Tuesday, May 3, 2011

may the best of your todays be the worst of your tomorrows...

It's funny how a song can bring you back to a moment so quickly. One minute you can be driving home on a warmish night and a song comes on and you're instantly transported back to another time, which is what happened to me tonight. I was driving home and looking over the Salt Lake valley and I heard this song come on and a smile spread across my face as last summer all came back to me. Driving on the freeway at one in the morning blasting this song. Laughing at our inside jokes...breaking into Chelsea's house when she was on vacation. It all seemed so surreal and I realized how much of my life I will never experience again. Memories that are just that, memories. It wasn't really a sad realization either. It was just that a realization. We're not the people we were last summer. This song is the same but we're very different now and holding your hand driving through the canyon to our special spot will never happen again and I am perfectly okay with that.

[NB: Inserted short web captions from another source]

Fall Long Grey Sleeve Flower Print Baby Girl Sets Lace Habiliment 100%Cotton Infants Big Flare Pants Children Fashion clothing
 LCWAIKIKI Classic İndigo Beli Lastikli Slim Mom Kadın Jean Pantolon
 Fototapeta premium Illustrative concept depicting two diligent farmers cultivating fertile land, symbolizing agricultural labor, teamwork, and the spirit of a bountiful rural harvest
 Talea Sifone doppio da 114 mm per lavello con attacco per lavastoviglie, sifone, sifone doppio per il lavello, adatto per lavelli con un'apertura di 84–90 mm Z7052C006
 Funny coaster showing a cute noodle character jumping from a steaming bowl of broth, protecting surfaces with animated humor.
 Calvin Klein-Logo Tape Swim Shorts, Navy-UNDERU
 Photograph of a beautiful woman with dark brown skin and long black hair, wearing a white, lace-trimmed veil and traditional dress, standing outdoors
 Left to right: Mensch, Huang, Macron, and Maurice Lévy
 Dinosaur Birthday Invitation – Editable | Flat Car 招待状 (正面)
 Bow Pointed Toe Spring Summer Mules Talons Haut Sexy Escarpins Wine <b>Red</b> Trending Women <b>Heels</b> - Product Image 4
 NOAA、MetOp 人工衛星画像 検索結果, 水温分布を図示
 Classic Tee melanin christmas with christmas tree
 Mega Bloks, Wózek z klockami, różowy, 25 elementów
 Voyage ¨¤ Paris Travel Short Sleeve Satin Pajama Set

You went your way and I went mine and it seems so strange that two people who used to be so intertwined and so convinced they could last forever could now be strangers and act as if we hadn't been those people we were last summer. It kind of scares me a little bit. The way things are now could be completely different in a year and I expect them to be. It makes me wonder who will be a stranger next year and who will still be beside me and if I could do anything to stop them from leaving or if they'll be gone because they chose to or had to be. It's all very strange when you actually think about it. And all the people you have yet to meet or had no idea you'd ever be hanging out with in the future. It's all very weird and life seems crazy sometimes but I guess that's the only thing in life you can count on...change.

1 comment:

  1. It totally is a scary thought, I agree... like... we may not even be friends in a year... which is not my plan at all, it's just things can change that fast! I did not think I would be the person I am a year ago. But I don't think that's a bad thing either. Like you said, the one thing we can count on in life is change so we need to be prepared and react and learn and grow from that. I agree, though, it's still a little scary to think about ;)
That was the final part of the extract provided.